Naast deze wettelijke regels hanteert de Rechtspraak de «Leidraad onpartijdigheid
en nevenfuncties». Deze leidraad bevat onder andere de aanbeveling dat een rechter
geen zaken behandelt waarbij hij of zij via een nevenfunctie zo betrokken is dat de
onpartijdigheid ter discussie kan komen te staan.

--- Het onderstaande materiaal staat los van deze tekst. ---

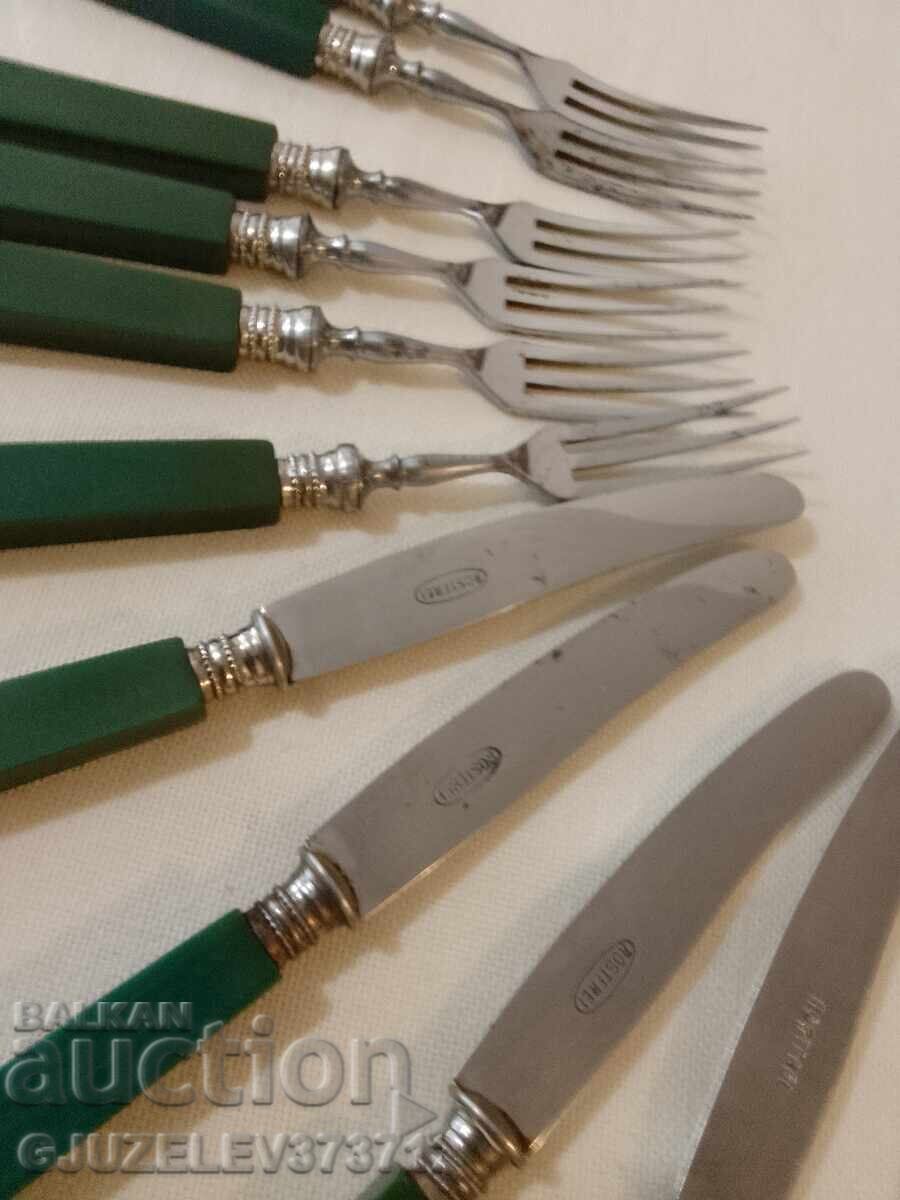 Auction cutlery, grills Auction cutlery, grills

Tot slot staan de wettelijke instrumenten van verschoning en wraking ter beschikking
indien in een concrete zaak een risico van belangenverstrengeling bestaat. Een rechter
moet zich verschonen als deze een zaak krijgt toebedeeld die het risico van (de schijn
van) belangenverstrengeling in zich heeft. Indien een partij meent dat in zijn of
haar zaak een risico van belangenverstrengeling aanwezig is, kan deze partij de rechter
wraken.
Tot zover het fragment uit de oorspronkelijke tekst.